Over the years, I've developed a set of practices that make database migrations boring — which, in production operations, is exactly what you want.

The Golden Rule

Never make a breaking change in a single deployment. Every migration should be backward compatible with the currently running code. If the migration goes out and you need to roll back the application, the old code should still work with the new schema.

This means no dropping columns, no renaming columns, and no adding NOT NULL columns without defaults — at least not in a single step.

The Expand-Contract Pattern

Most schema changes follow a three-phase process:

Phase 1 — Expand. Add the new column, table, or index alongside the existing structure. Both old and new code work with the schema. Deploy the migration.

Phase 2 — Migrate. Deploy application code that writes to both old and new structures. Backfill existing data from old to new. Verify that the new structure has complete, correct data.

Phase 3 — Contract. Once you're confident in the new structure and the old code is no longer deployed, remove the old column or table.
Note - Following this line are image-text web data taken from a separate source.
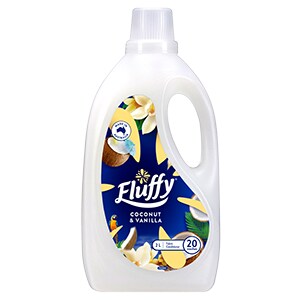 Fluffy Fabric Softener Conditioner Coconut & Vanilla 2L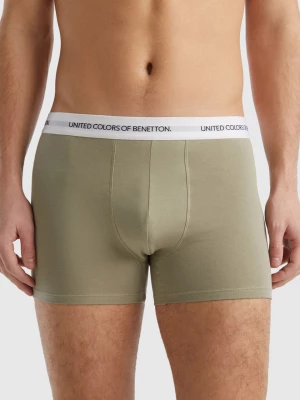 Benetton, Boxers In Stretch Organic Cotton, size L, Light Green, Men United Colors of Benetton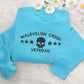 Embroidered Malevelon Creek Veteran Sweater, Vintage Comfort Color Crewneck Sweatshirt, Retired Veterans Unisex Jumper, Gift for Grandfather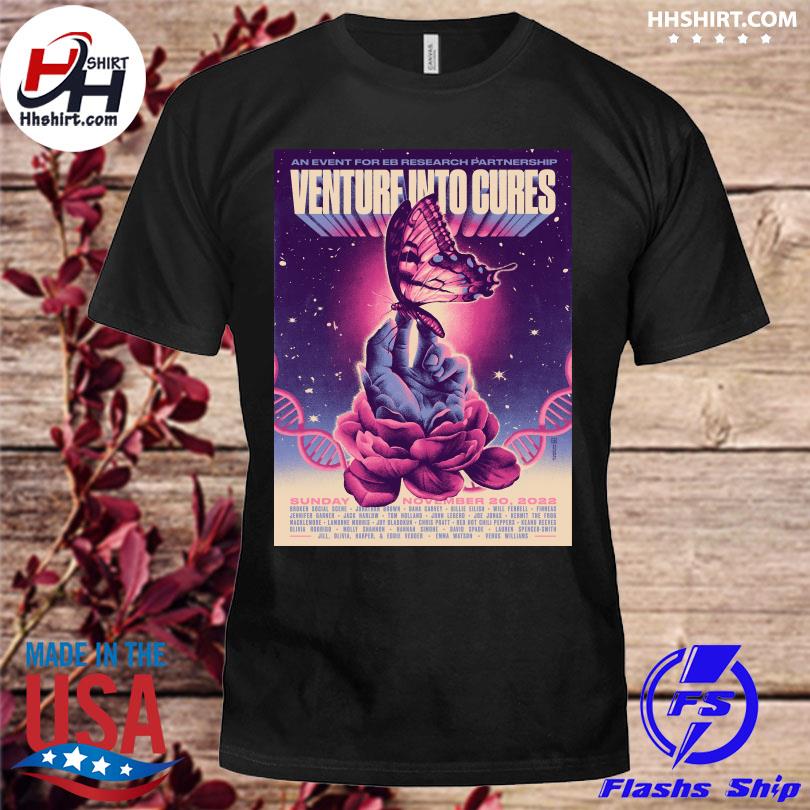 Venture into cures an even for EB research partnership shirt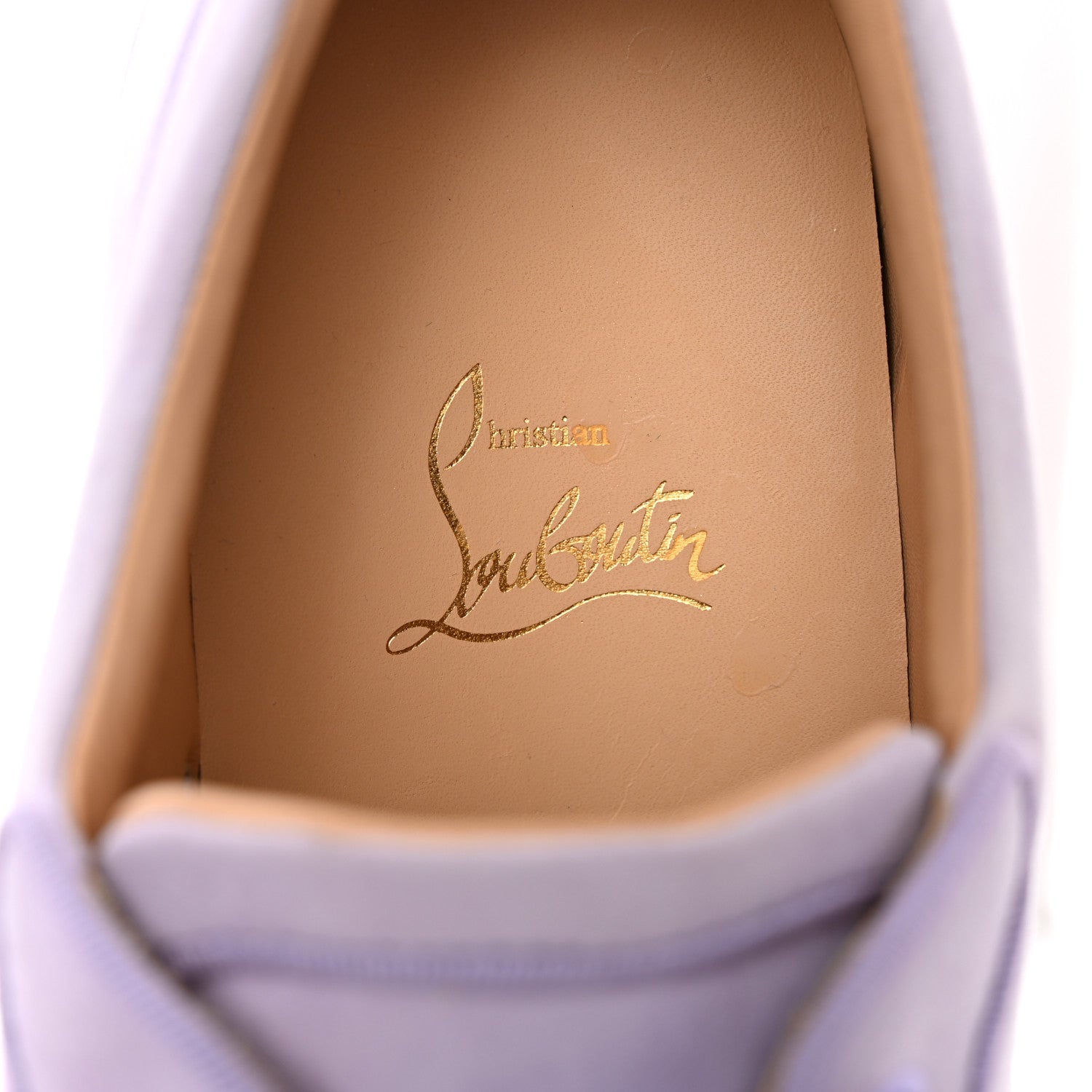 Christian Louboutin Veau Velours Louis Junior Flat Sneakers 40 Lilac Smoke 8 of 16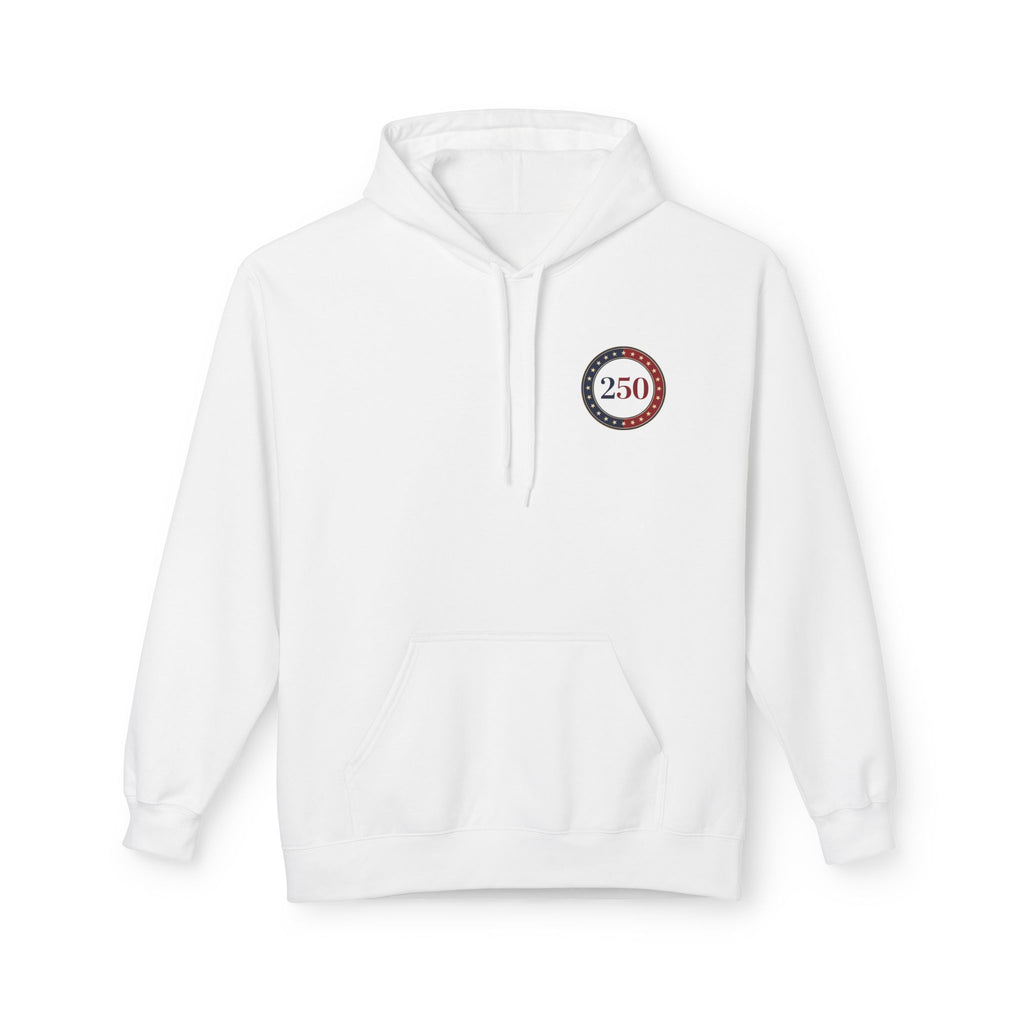 250th Anniversary American Flag Hoodie — 1776–2026 Patriotic USA Sweatshirt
Yes, this means a column rename takes three deployments instead of one. That's the price of zero downtime — and it's worth paying every time.

Handling Large Tables

Adding an index to a table with 100 million rows can lock the table for minutes or hours. In PostgreSQL, the solution is CREATE INDEX CONCURRENTLY — it builds the index without holding a lock on the table.

For large data backfills, I process in batches:

UPDATE transactions
SET new_column = computed_value
WHERE id BETWEEN $start AND $end

Process 10,000 rows at a time with a small delay between batches. This keeps the database responsive while the backfill progresses. Monitor replication lag if you're using replicas — large writes can cause replicas to fall behind.

Migration Checklist

Before every production migration, I verify:

  • Backward compatibility. Can the current application code run against the new schema?
  • Forward compatibility. Can the new application code run against the old schema? (For rollback scenarios)
  • Lock analysis. Will the migration acquire locks that could block queries? For how long?
  • Data volume. How much data will be affected? What's the expected duration?
  • Rollback plan. If something goes wrong, how do we revert?
  • Monitoring. What should we watch during and after the migration?

The Human Factor

Technical practices aside, the most important migration safety measure is communication. Before running any migration:

  1. Notify the team that a migration is happening
  2. Share the expected duration and impact
  3. Have a rollback plan documented and agreed upon
  4. Ensure someone is monitoring the system throughout

Most migration disasters I've seen weren't caused by bad SQL — they were caused by someone running a migration without telling anyone, during peak traffic, with no rollback plan.

Tooling

I've used several migration tools across different stacks, but the principles are the same regardless of tooling:

  • Version your migrations with sequential, monotonic identifiers
  • Make migrations idempotent when possible — running the same migration twice shouldn't break anything
  • Test migrations against production-like data volumes before running them in production
  • Keep migrations small and focused — one logical change per migration

The goal is always the same: make schema changes routine, safe, and boring. Your users should never notice a migration happening. And your on-call engineer should never dread one.